In Rudin's Mathematical Analysis, he states theorem a theorem for compact sets.
If $\{K_\alpha\}$ is a collection of compact subsets of a metric space $X$ such that the intersection of every finite subcollection of $\{K_\alpha\}$ is nonempty, then $\bigcap K_\alpha$ is nonempty.
The proof presented in the text uses the definition of compacts sets to contradict the negation of the hypothesis.
My question is: do the sets need to be compact?
It seems that you can present this theorem with a collection of general sets. The proof may be gone about by assuming that a set $K_1$ has elements that are not in every set. Then create a contradiction using the the hypothesis: that every finite subcollection of sets is non empty.

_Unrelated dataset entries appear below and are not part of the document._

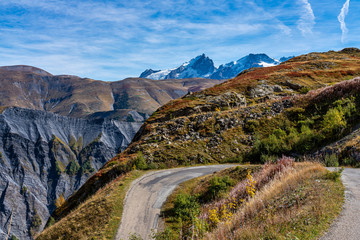 View of the mountains around Alpe d'Huez in the french Alps, France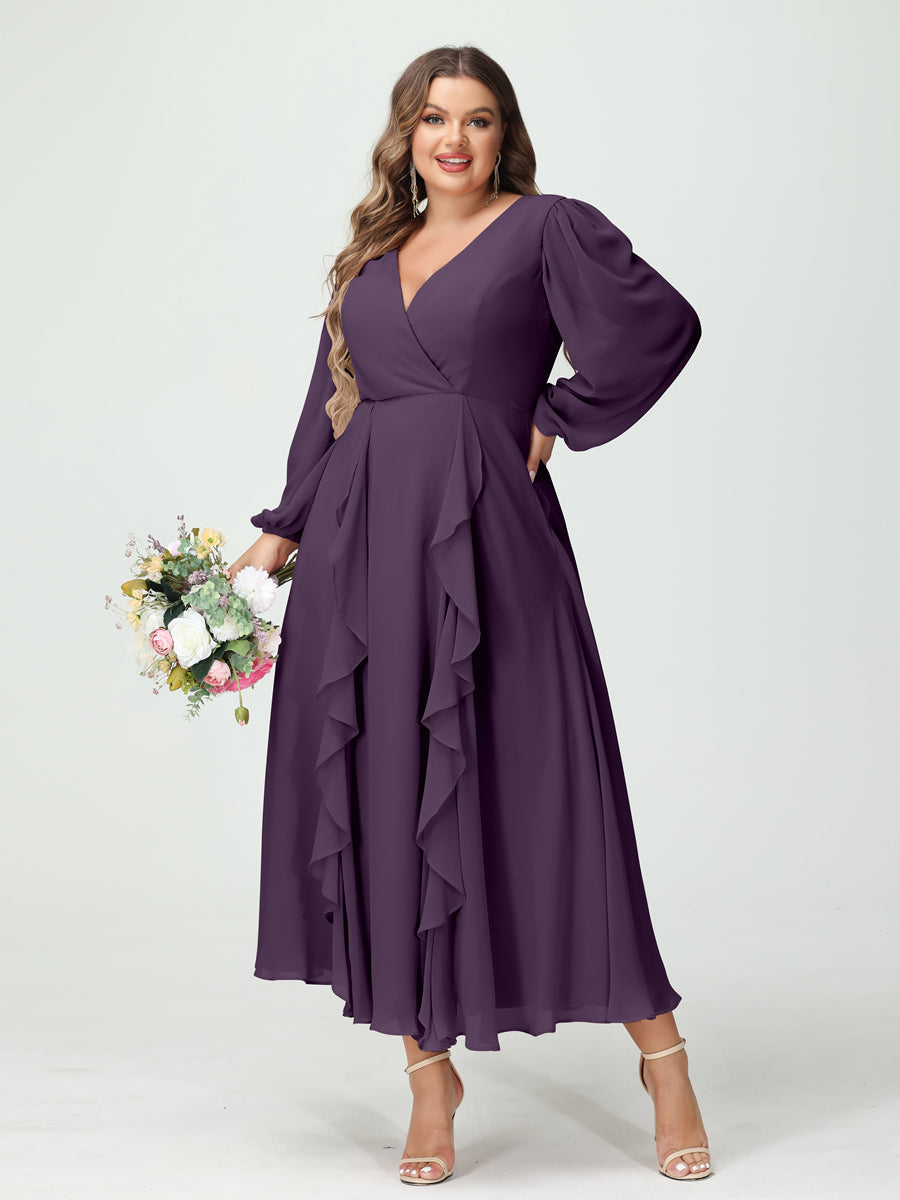 A-Line/Princess V-Neck Long Sleeves Chiffon Tea-Length Ruffles Plus Size Bridesmaid Dresses with Pockets - 画像 (46)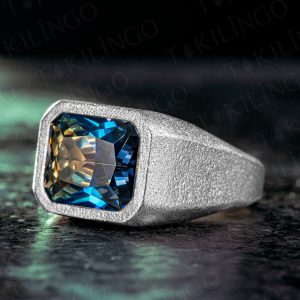 925 Ayar Gümüş Topaz Taşlı Sade Erkek Yüzük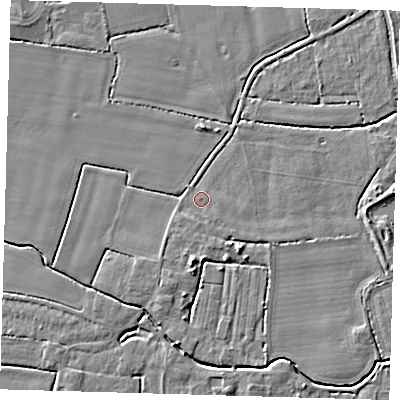 Shaded relief map of the ground around PE217AP, computed from Environment Agency LiDAR. The ground here sits at about 3 m above sea level and falls 5 m across the surrounding 800 m. Surface water reaching this point runs off ground lying to the south, 1.2 m higher.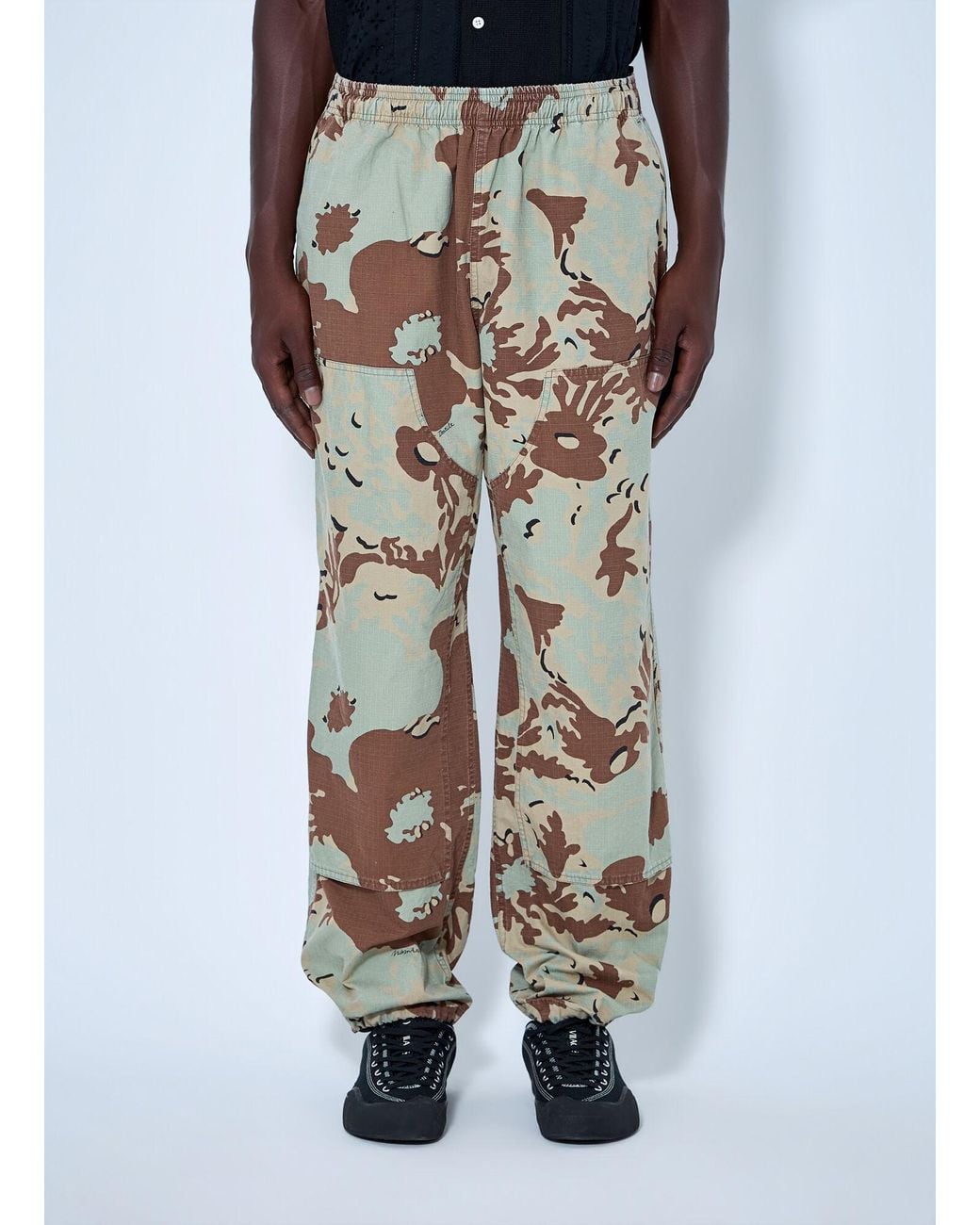 Nomarythm Textile Natural Camo Flower Double Knee Pants for men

Could you build a proof around that? If so how?
If it only works for compact sets, I would be interested in finding an example of non-compact sets where the theorem breaks down.
Consider the metric space $\mathbb R$ with the usual metric. The open intervals $(0,1/n)$ for $n \in \mathbb N$ comprise a collection of subsets of $\mathbb R$. The intersection of every finite subcollection is nonempty [choose the greatest $n$ for which $(0,1/n)$ is in the finite subcollection and then $1/(n+1)$ is in the intersection of the finite subcollection] but the intersection of the entire collection is empty [if it contained $x$ we would have $0<x<1/n$ for all $n$, violating the Archimedean property].
The unbounded intervals $[n, \infty)$ for $n \in \mathbb N$ comprise another collection of subsets of $\mathbb R$ where the intersection of every finite subcollection is nonempty [choose the greatest $n$ for which $[n, \infty)$ is in the subcollection, and the intersection is $[n, \infty)$] but the intersection of the entire collection is empty [if it contained $m$ we would have $m>n$ for all $n$, which is absurd.
In summary, the conclusion of the theorem does not hold for collections of subsets of $\mathbb R$ that are not compact (closed and bounded).